What are we talking about when we talk about transaction in a distributed system

Background

Cloud-Native and Microservice are getting popular in recent days. With the increase of business needs and stability requirements, we will have multi regions, multi datacenters, multi countries, even multi planets deployments for all kinds of features - security isolation, multi-tenant - that makes a distributed system.

In the traditional system, we are using RDMS like MySQL to support this requirement. The classic MySQL cluster is a primary-secondary architecture that has one active primary node for RW and several secondary nodes replicate from the primary.

primary-secondary architecture

This centric architecture works well in a multi-region environment because the latency is low in one datacenter.

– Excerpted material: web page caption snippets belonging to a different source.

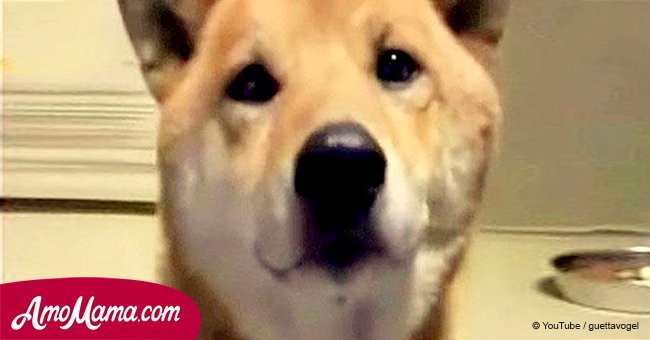 Mom asks her dog to 'bark softly'. His response is priceless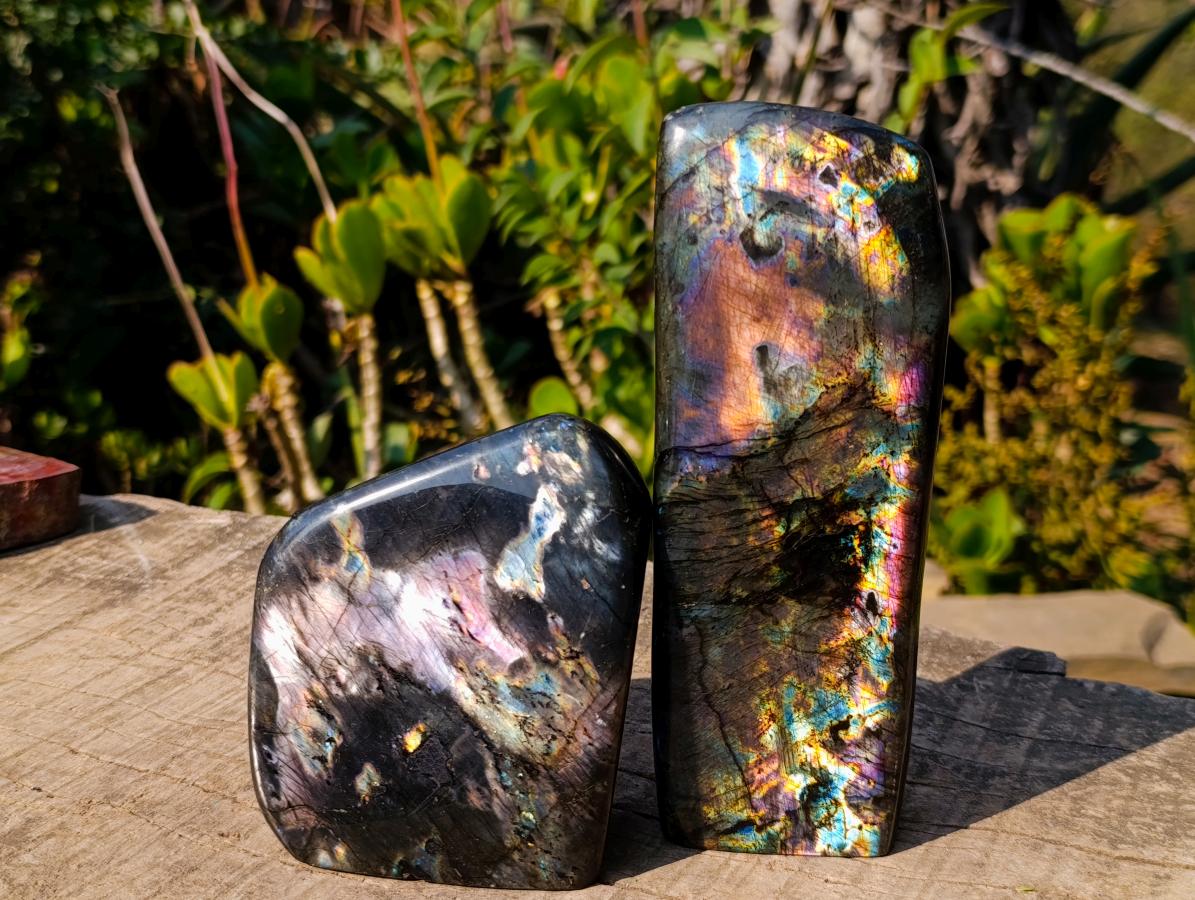 Polished Spectrolite Labradorite Standing Display Pieces x 2 From Madagascar - Toprock Gemstones and Minerals 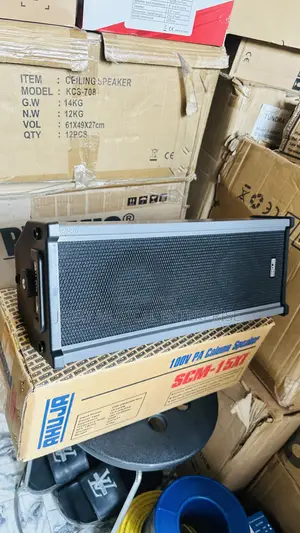 Ahuja Hanging Speakers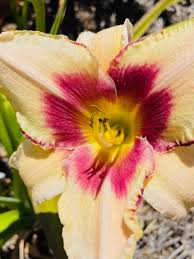 No need to register, buy now! Daylily Classics Hemerocallis Lakehouse Nursery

Though with the service crossing multiple datacenters even continents, the latency from application to the primary becomes intolerable. The involvement of data storage is inevitable.

To solve the single primary issue, the architecture involved from central to distributed, there are tons of terms that emerged which some of them are confusing or overlap. Let's see some concepts and solutions in a real distributed system.

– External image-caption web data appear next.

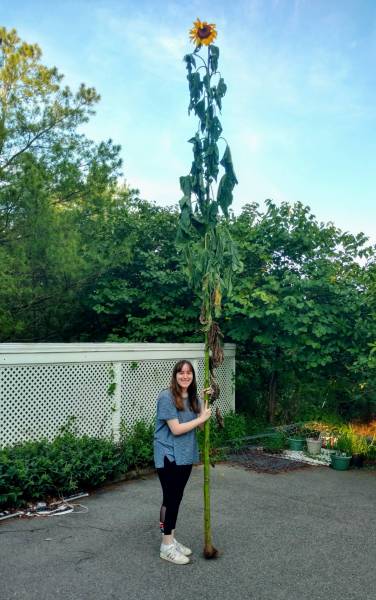 13 feet 10 inch sunflower in 2020 garden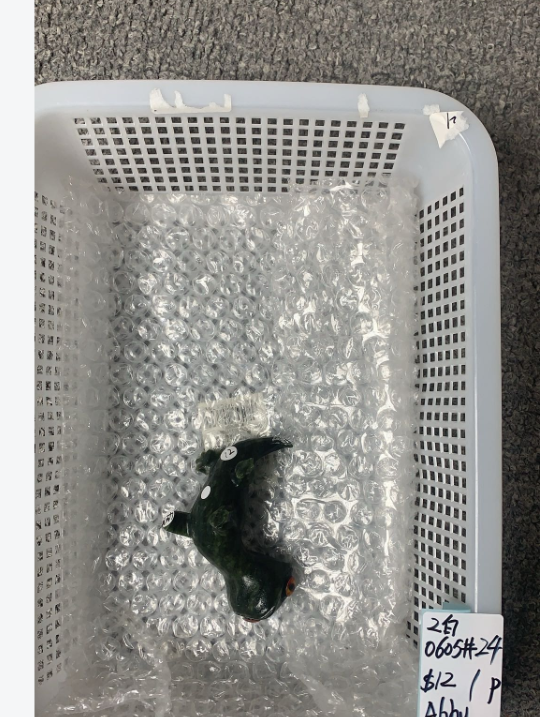 KIKICRYSTAL Unique Crystal Claim Sale for 0605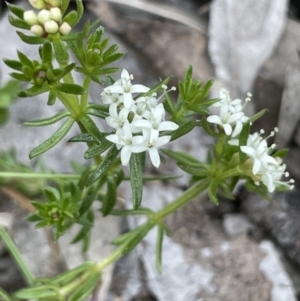 Asperula conferta at Moncrieff, ACT - 24 Sep 2021 03:18 PM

Transaction vs Consistency

Sometimes transaction and consistency are brought up together. But they are very different stuff in data storage.

Transaction

Transaction processing is information processing in computer science that is divided into individual, indivisible operations called transactions. Each transaction must succeed or fail as a complete unit; it can never be only partially complete.

Transaction is the term to describe the isolation for the storage, which reflects the serializability in a database like read uncommitted, read committed, repeatable read and snapshot, etc.

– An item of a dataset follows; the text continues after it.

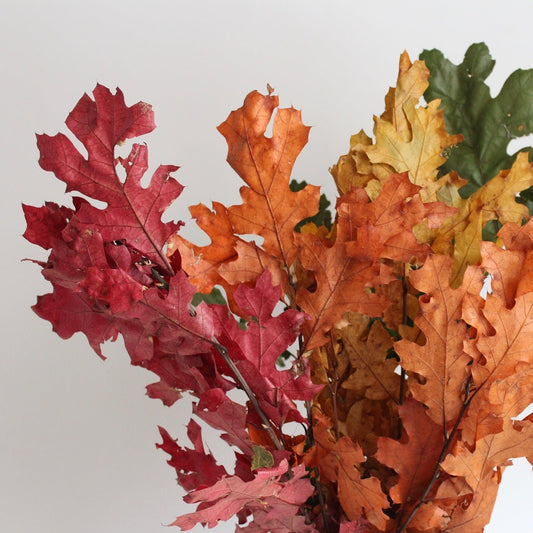 Oak leave preserved fall autumn, Chêne stabilisé, preserved foliage wall decoration DYI wreath tool, 120-140g/bunch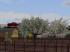 Fr�hlingsvegetation im EEP-Shop kaufen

Transaction has NOTHING to do with the order of operations, which is a common misunderstanding.

Level	Dirty Read	Nonrepeatable Read	Phantom Read
0, Read uncommitted	Yes	Yes	Yes
1, Read committed	No	Yes	Yes
2, Repeatable read	No	No	Yes
3, Serializable	No	No	No

Consistency

The system is said to support a given model if operations on memory follow specific rules. The data consistency model specifies a contract between programmer and system, wherein the system guarantees that if the programmer follows the rules, memory will be consistent and the results of reading, writing, or updating memory will be predictable. Consistency deals with the ordering of operations to multiple locations with respect to all processors.

Consistency is the rules between each operation/transaction like time serials, relationship, and causality which reflect the linearizability in a database like linearizability, sequential, causal, etc.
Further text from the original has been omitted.